There are no strangers here; only friends you haven’t met yet. ~William Butler Yeats
At no time did this saying feel truer in my life than when I traveled solo for nearly two months. Back then, I met strangers who accepted me as part of their family or as a friend. There were also strangers whom I had only brief but honest and meaningful encounters with, but which were far more authentic than some regular encounters I had with people back home in the city. Also unforgettable were the strangers who inspired me just by being who they are and doing what they feel they are called to do.
And then there were the strangers who seemed like angels in disguise, who helped me avoid serious trouble or assisted me through some inconvenience, and then promptly disappeared from my sight and my life.
These travel encounters made me feel like the richest person in the world then, and I felt I fully grasped the meaning of another favorite travel quote: “Travel is the only thing you buy that makes you richer.”
And so, when the theme on strangers for the Pinoy Travel Bloggers’ monthly blog carnival was announced, I was at a loss on what to write about. How do I choose from a wealth of connections with strangers? Each story is worth telling, and I have shared some here in my blog, and I feel I will eventually share more in the future, or weave them into another narrative.
So instead of figuring out which of my stranger stories is the best one to share, I have decided to tell the one closest to my heart – because that, at least, is what I am clear of.
(Photo by Phillip Kimpo)
That time, a friend invited me for free scuba diving. Without hesitation, I took the three-hour bus ride to Subic, Zambales. There, I met first-timers and old-timers in diving.

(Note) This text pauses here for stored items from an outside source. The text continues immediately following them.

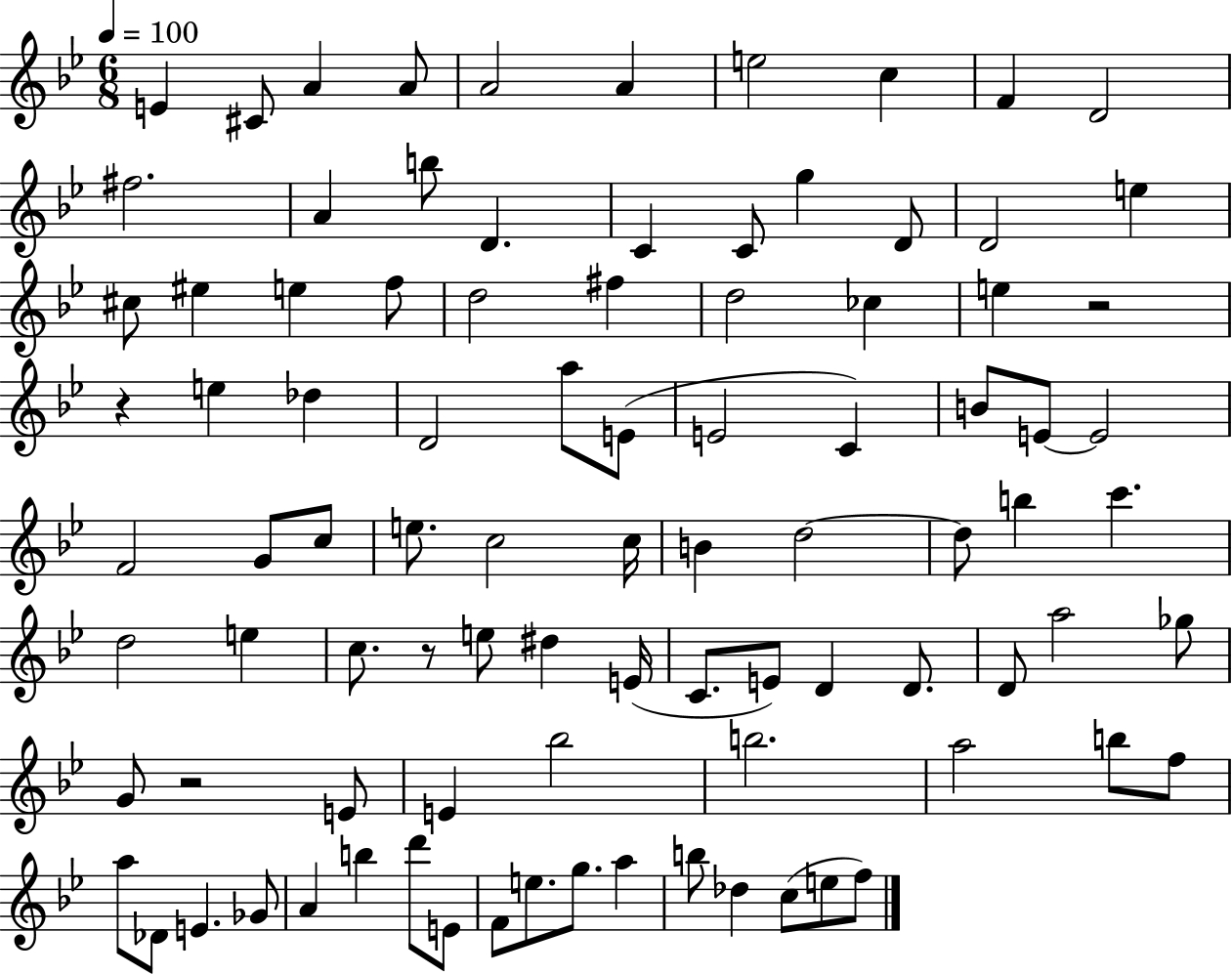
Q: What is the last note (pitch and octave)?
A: F5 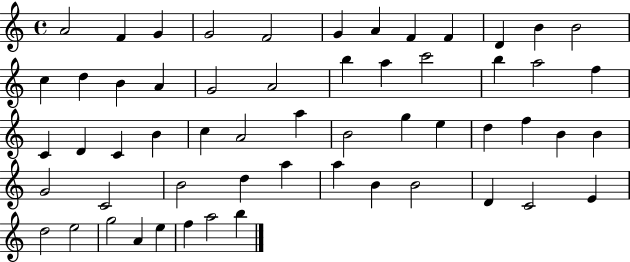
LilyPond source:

{
  \clef treble
  \time 4/4
  \defaultTimeSignature
  \key c \major
  a'2 f'4 g'4 | g'2 f'2 | g'4 a'4 f'4 f'4 | d'4 b'4 b'2 | \break c''4 d''4 b'4 a'4 | g'2 a'2 | b''4 a''4 c'''2 | b''4 a''2 f''4 | \break c'4 d'4 c'4 b'4 | c''4 a'2 a''4 | b'2 g''4 e''4 | d''4 f''4 b'4 b'4 | \break g'2 c'2 | b'2 d''4 a''4 | a''4 b'4 b'2 | d'4 c'2 e'4 | \break d''2 e''2 | g''2 a'4 e''4 | f''4 a''2 b''4 | \bar "|."
}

He was one of the first-timers. Conversation easily flowed between us when we found out we liked some of the same books. But what probably bonded us most then was that it would both be our first time to dive, and the fear and anticipation that came with it. I know this now from hindsight; I didn’t realize this back then.

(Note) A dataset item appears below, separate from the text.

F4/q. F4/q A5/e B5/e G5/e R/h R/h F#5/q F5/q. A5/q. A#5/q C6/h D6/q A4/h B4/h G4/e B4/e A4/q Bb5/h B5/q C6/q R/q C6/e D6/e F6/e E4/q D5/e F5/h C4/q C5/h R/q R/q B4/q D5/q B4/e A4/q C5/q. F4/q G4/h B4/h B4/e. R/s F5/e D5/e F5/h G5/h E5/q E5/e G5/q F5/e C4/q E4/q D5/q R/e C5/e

Mostly then I was just focused on the exhilaration of being underwater several meters deep for the first time, and coming in closer contact with fish and corals. It was 30 minutes of eternity in blue and other bright hues.
(Photo by Bebang Siy)
On the way home, we talked nonstop about books, films and everything under the sun, with an ease of friends for years. Our connection was undeniable. But, instead of being overtaken with the heady rush of romance, as I was prone to with men I felt this kind of connection, I curiously only felt a warm companionship.
We became fast friends, and even unofficial siblings, with my parents and brothers warmly welcoming him into the family. During our friendship we saw the best and the worst in the other, and slowly learned to accept what we saw.
We had thought of each other so long as siblings that romance seemed unthinkable. We were both deeply attracted to other people, and I was seriously considering a relationship with another guy. Or so I thought.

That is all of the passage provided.